Like making war, diplomacy is a skill that is studied and taught. It goes by many names – conflict prevention, mediation, peace building – and it includes a range of solutions.
Peacemakers are trained to look at the dynamics of a policy, look at the alternatives, Toole said. In the Bosnian war, for instance, it was dividing the country into two pieces.
Sometimes it’s a power-sharing agreement, sometimes it’s an agreement to let one side have the prime minister’s spot and one side have the presidency, or to switch presidents every other year, or to reserve a certain number of seats in the parliament for the opposition.
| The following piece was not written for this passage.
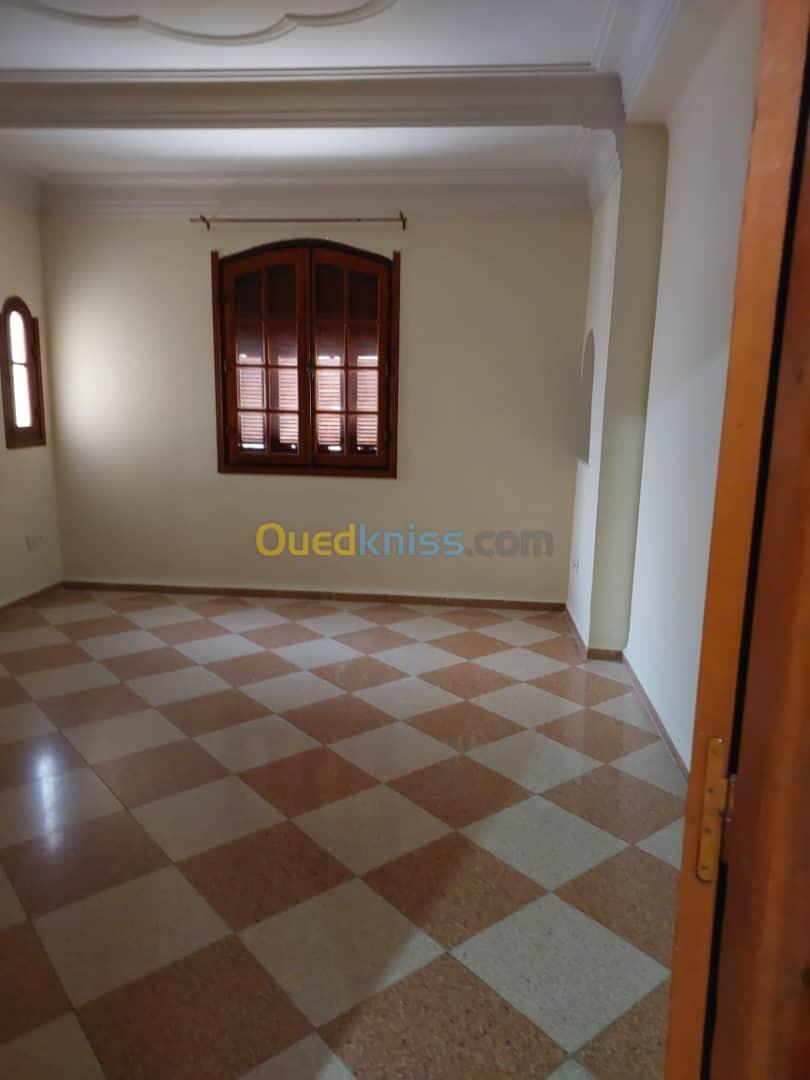 Location Appartement F4 Alger Bab ezzouar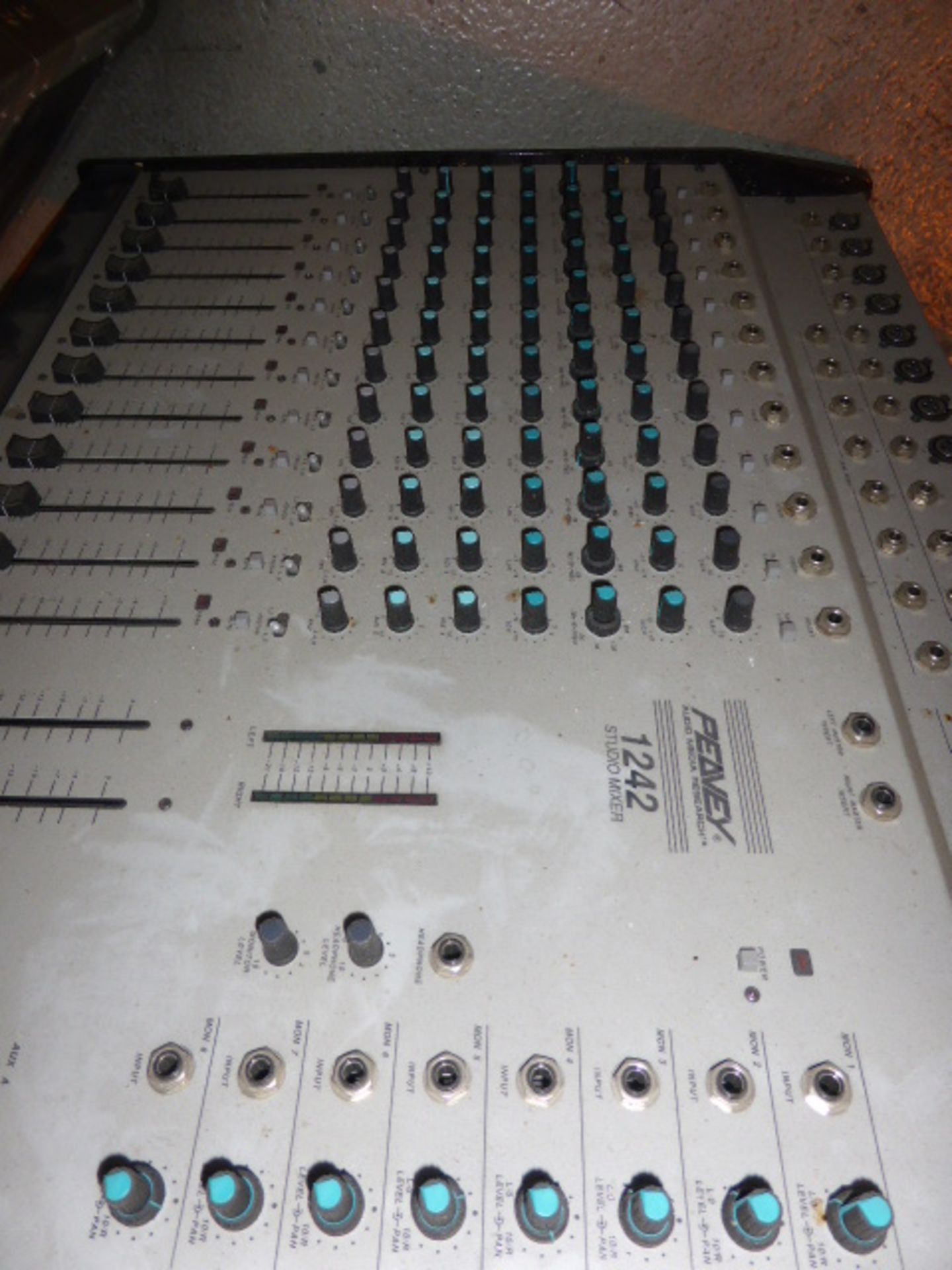 Peavey 1242 studio mixer - Image 2 of 2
Sometimes it’s offhandedly bringing up a proposal to scrap a weapons program, as Kerry did in the current crisis.
When you study this stuff and get to know the alternatives, you’re not just starting from scratch, you’re starting from a template, Toole said. A skilled diplomat takes the alternatives and tries to push one into an agreement.
Also vital is having a sense of a nation’s culture, knowledge of its language and the nature of the leaders you’re dealing with. There’s common agreement that the lack of that kind of knowledge was one reason we went astray in Iraq. U.S. services have more people who speak Arabic now.
That, Toole says, was a lesson we really learned.
Toole also sees Wikileaks-style outings of back-channel information as a threat to the kind of efforts that may have averted armed confrontation with Syria.
In some ways, secrecy is absolutely essential to diplomacy, he said. Diplomacy is impossible if you lay all your cards on the table.